[Dataset excerpts]
+ + + + + + +

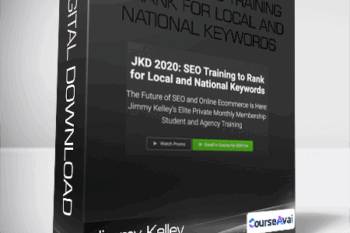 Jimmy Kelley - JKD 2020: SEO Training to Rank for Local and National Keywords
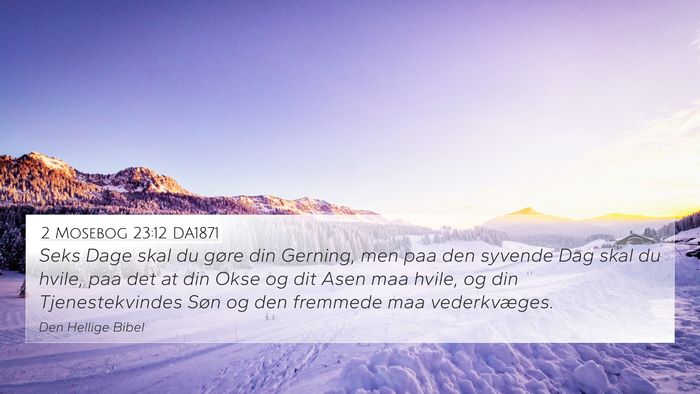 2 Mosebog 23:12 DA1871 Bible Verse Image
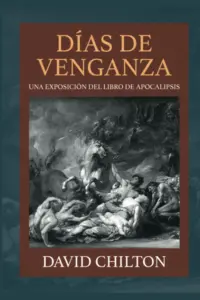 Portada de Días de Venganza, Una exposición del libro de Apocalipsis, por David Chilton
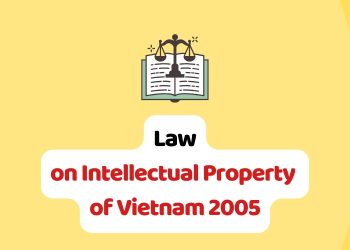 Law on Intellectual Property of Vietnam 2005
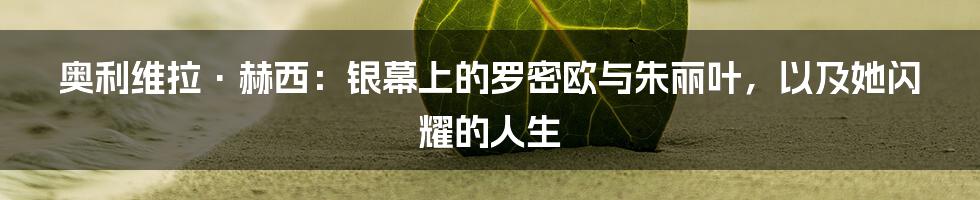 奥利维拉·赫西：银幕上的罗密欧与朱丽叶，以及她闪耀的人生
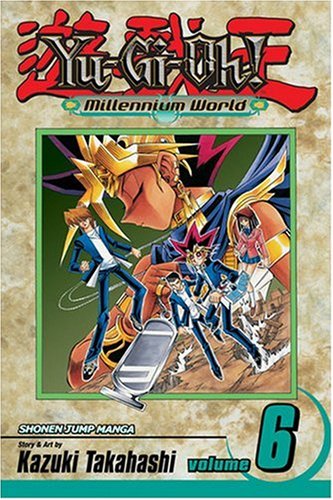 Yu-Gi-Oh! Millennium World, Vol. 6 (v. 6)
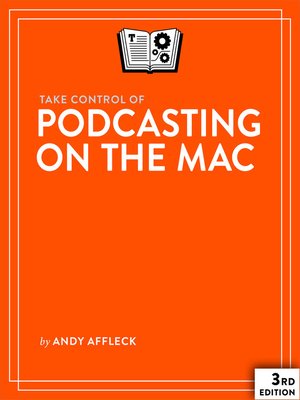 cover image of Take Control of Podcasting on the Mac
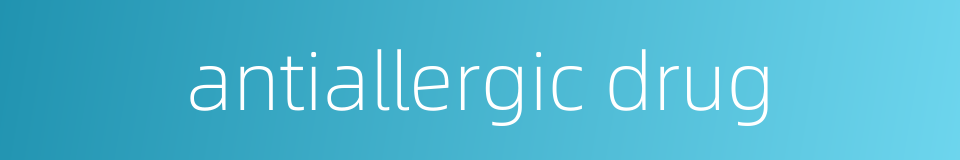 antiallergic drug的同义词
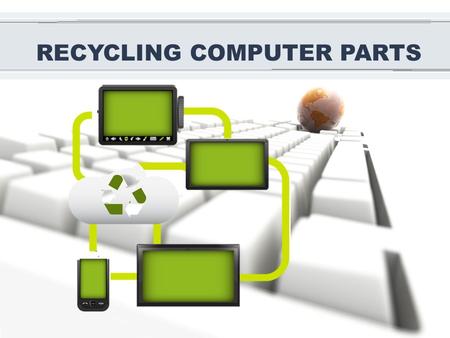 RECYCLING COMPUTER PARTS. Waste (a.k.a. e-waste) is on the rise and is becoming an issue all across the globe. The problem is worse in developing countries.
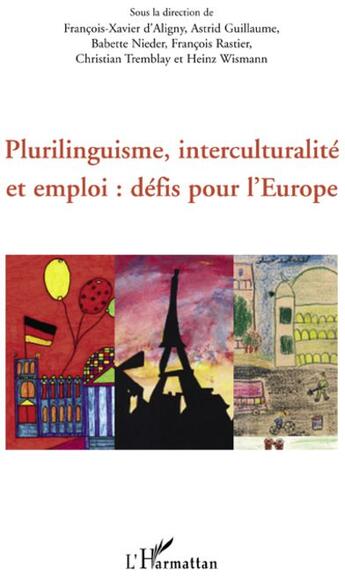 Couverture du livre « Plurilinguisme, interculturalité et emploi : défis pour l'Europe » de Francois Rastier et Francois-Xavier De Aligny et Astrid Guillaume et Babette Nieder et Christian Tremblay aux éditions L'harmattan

+ + + + + + +

WORK INSTRUCTION
Copy exactly the lines from the line that contains "RECYCLING COMPUTER PARTS." through the last line of the records above, both ends included, but leave out the pictures.

ANSWER TO THIS EXERCISE
 RECYCLING COMPUTER PARTS. Waste (a.k.a. e-waste) is on the rise and is becoming an issue all across the globe. The problem is worse in developing countries.
 Couverture du livre « Plurilinguisme, interculturalité et emploi : défis pour l'Europe » de Francois Rastier et Francois-Xavier De Aligny et Astrid Guillaume et Babette Nieder et Christian Tremblay aux éditions L'harmattan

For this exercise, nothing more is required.